Yair Lapid Applies for Ph.D.

For Yair Lapid, things tend to work out well. He’s handsome, and everything he touches seems to turn to gold. He’s an author, screenwriter and one-time actor. Until recently he was a popular columnist for the best-selling newspaper Yediot Aharonot, but then he left to enter politics. Again, this move went super-smoothly — before he said a single word about what his policies would be, he was polling seven to 20 of the Knesset’s 120 seats.

But it now seems that not everything can be plain sailing for Lapid. Normally, for acceptance to a doctorate degree program in Israel you are expected to have an undergraduate degree. This is the case with Bar Ilan University’s hermeneutics program, which combines master’s and doctoral studies and declares the requirement for a bachelor’s degree in the course description. But Yair Lapid, being Yair Lapid (and having what Bar Ilan calls exceptional non-academic achievements), was admitted without.

Now, Israel’s Council of Higher Education has told Bar Ilan that doing so — for Lapid and a few others deemed to have non-academic achievements that have prepared them for doctorates — is unacceptable. “The committee views this option offered by Bar-Ilan very gravely,” the committee wrote in its ruling according to Haaretz. Bar Ilan’s conduct constituted “a fundamental deviation from proper academic standards,” the committee added.
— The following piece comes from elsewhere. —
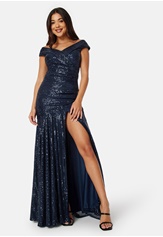 sequin-bardot-pleat-maxi-with-split-navy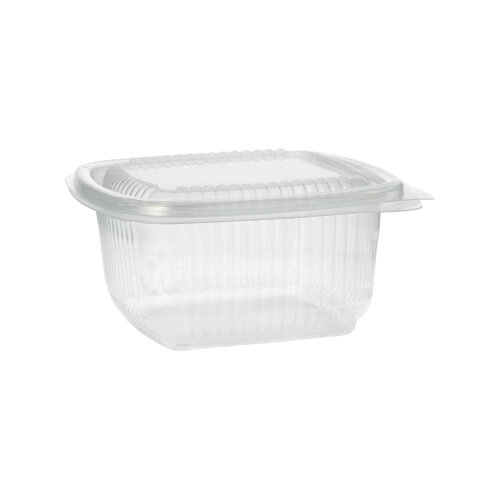 Verpackungsbecher mit Klappdeckeln, PP rechteckig 500 ml 6,3 cm x 12,5 cm x 13,1 cm transparent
So, it seems that Lapid won’t get his doctorate before getting an undergraduate degree. But as we said for Yair Lapid, things tend to work out well, and there’s a silver lining here. The Council of Higher Education ruled that while he can’t have a PhD straight away, he should get to study for undergraduates for free, at the university’s expense. So Lapid may have to wait for his doctorate, but he’ll get a free bachelor’s degree.